I read something similar but it was a whole formula and was more for the level of crazy a female is...it was a whole formula for weight, breast size and height and basically said the shorter/skinnier to larger breast size vs the tall, thin and smaller breast the short big breasted would be off her rocker in comparison. 

Sounds logical, right ? :tongue:

In case it isn't obvious, I am being facetious. While I did hear something to the effect I mentioned, I gave it about as much credit as this "taller = smarter" BS. 

Albert Einstein was ony 5'9", which isn't very tall for a guy. 5" shorter than I am. Based on your logic, basketball players should also be geniuses...not to say some aren't or couldn't be, but they are average,intelligence wise, on average, from what I have seen.


----------



## Navi (Jul 8, 2012)

JaySH said:


> I read something similar but it was a whole formula and was more for the level of crazy a female is...it was a whole formula for weight, breast size and height and basically said the shorter/skinnier to larger breast size vs the tall, thin and smaller breast the short big breasted would be off her rocker in comparison.
> 
> Sounds logical, right ? :tongue:
> 
> ...



^ I was actually going to go into a long tangent about this, but you summarized it for me. So I'm not going to.

Really, what that dude says really uses barely any logic at all. 

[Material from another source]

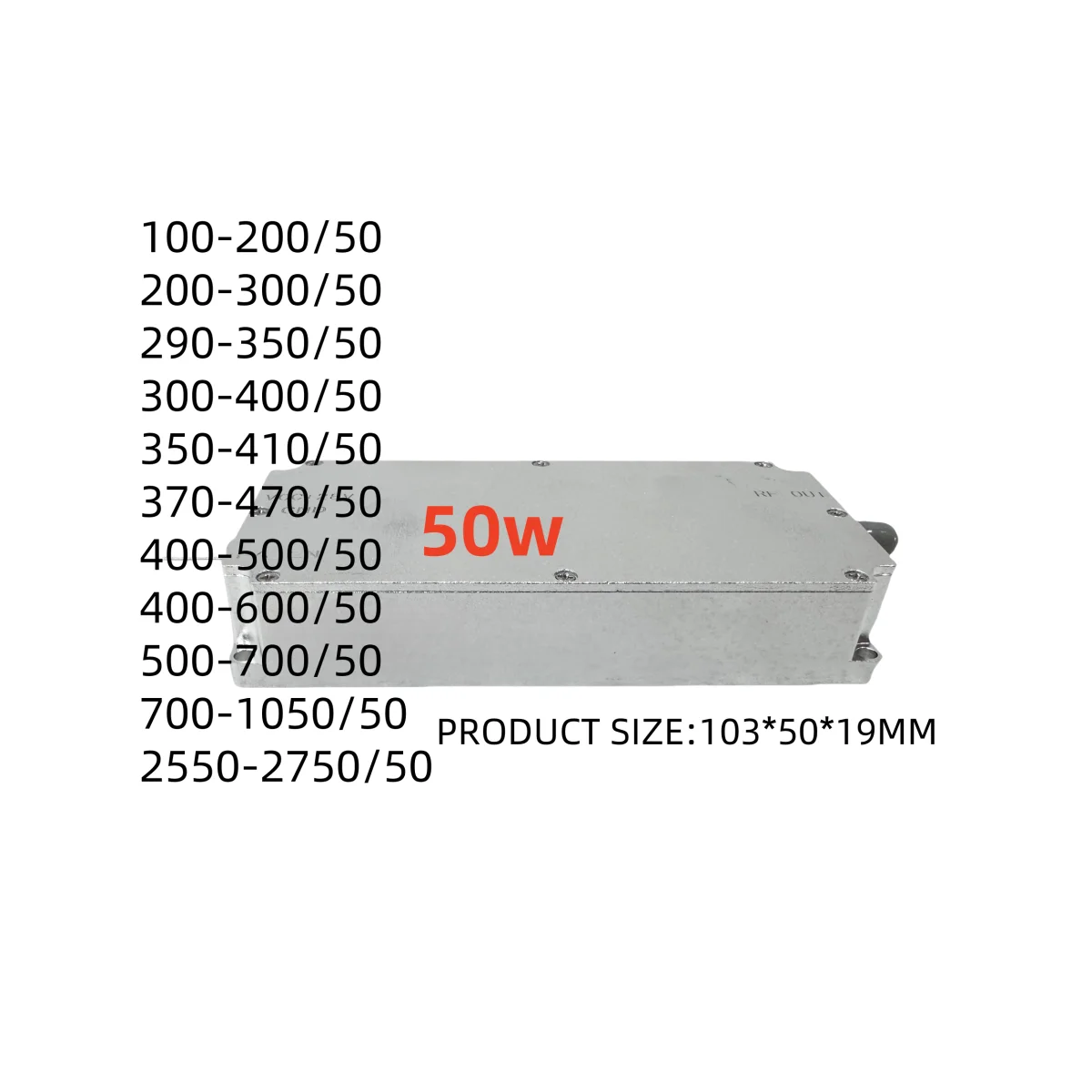 Amplificador 50W 100-200MHZ 700-1000MHZ 400-500MHZ 500-600MHZ 1050-1360MHZ módulo amplificador de sinal de drone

But have an internet high five for calling it out.
From one fellow tall person to another. :tongue:


----------



## Mr. Meepers (May 31, 2012)

JaySH said:


> I do think that, on avg, women and men do see things a little differently when we are speaking about subjective thinking/feeling. It is common to say "she thinks like a man" or "he is in touch with his feminine side". I do not think either one is superior...and I, myself, have been said to be in touch with my "feminine side", for which, I quickly react in the most masculine way possible...(I cry..Jk).
> 
> I grew up with mostly females and saw first hand how different our reactions were to the same situations...and I had very limited male influences. When speaking objectively, logically, we often saw things very similarly. As soon as it went to feelings...and why we had the feelings we did, well, there were often significant differences (except with my older sister who, ironically, tends to get along better with men than women).
> 
> ...



I'm sorry, I hope I'm not pushing too far ... But my argument in not just a knowledge argument, but also a values argument ... and maybe I am approaching it the wrong way and I'm pretty sure you will agree with the value aspect.

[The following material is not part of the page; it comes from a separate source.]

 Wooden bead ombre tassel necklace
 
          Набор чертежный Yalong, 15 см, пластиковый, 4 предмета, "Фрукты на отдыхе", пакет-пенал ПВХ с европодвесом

My value aspect is that I think we focus too much on men and women being different and judging them differently ... and, at times, even trying to mold them because of certain physical aspects that they have ... I just think that we should focus more on the potential someone can be ... Man or woman, black or white, something or something else anyone can be anything and if a woman is acting how we expect a man to act ... or if a man is acting the way we think expect a woman to act ...then they should not be judged negatively in my opinion 

Personally, I would like to see less arbitrary expectations on people because of physical traits that may not have anything to do with who they are (okay, so a muscular person, even if they are not as strong as they look, you can assume that they are probably strong ... but I don't think it has to do with the character of a person)
And I would like more of our expectations to be on the character of a person ... have expectations of people because they are people of reasonable "intelligence"



JaySH said:


> I don't know how I missed this nearly full page post of yours before but...I like most of what you said. I do, however, think there are major issues with double standards in terms of gender equality in relationships and have lived them. " you're the man so no big deal you work and I don't, but, you should do half the housework too because while youre at work I played with our son a whole lot instead if cleaning a bit...what..you worked 12 hrs on your feet on cement floor and think that's harder...doesn't excuse you. This isn't the 1920's Jay" me " you're absolutely right...so, GET A JOB!!!!"
> 
> " I need you to do the dishes and start the laundry cause I'm going out" me " you don't think you could have done at least some of this while I was at work...? " her " I'm not your slave or your bitch and it isn't my job just because I'm the woman" me "I didn't say it was....it is your job primarily because you have 8-12hrs, 6 days a week you're home and I am working to support us. And, on your first comments... funny...I was thinking the same"
> 
> ...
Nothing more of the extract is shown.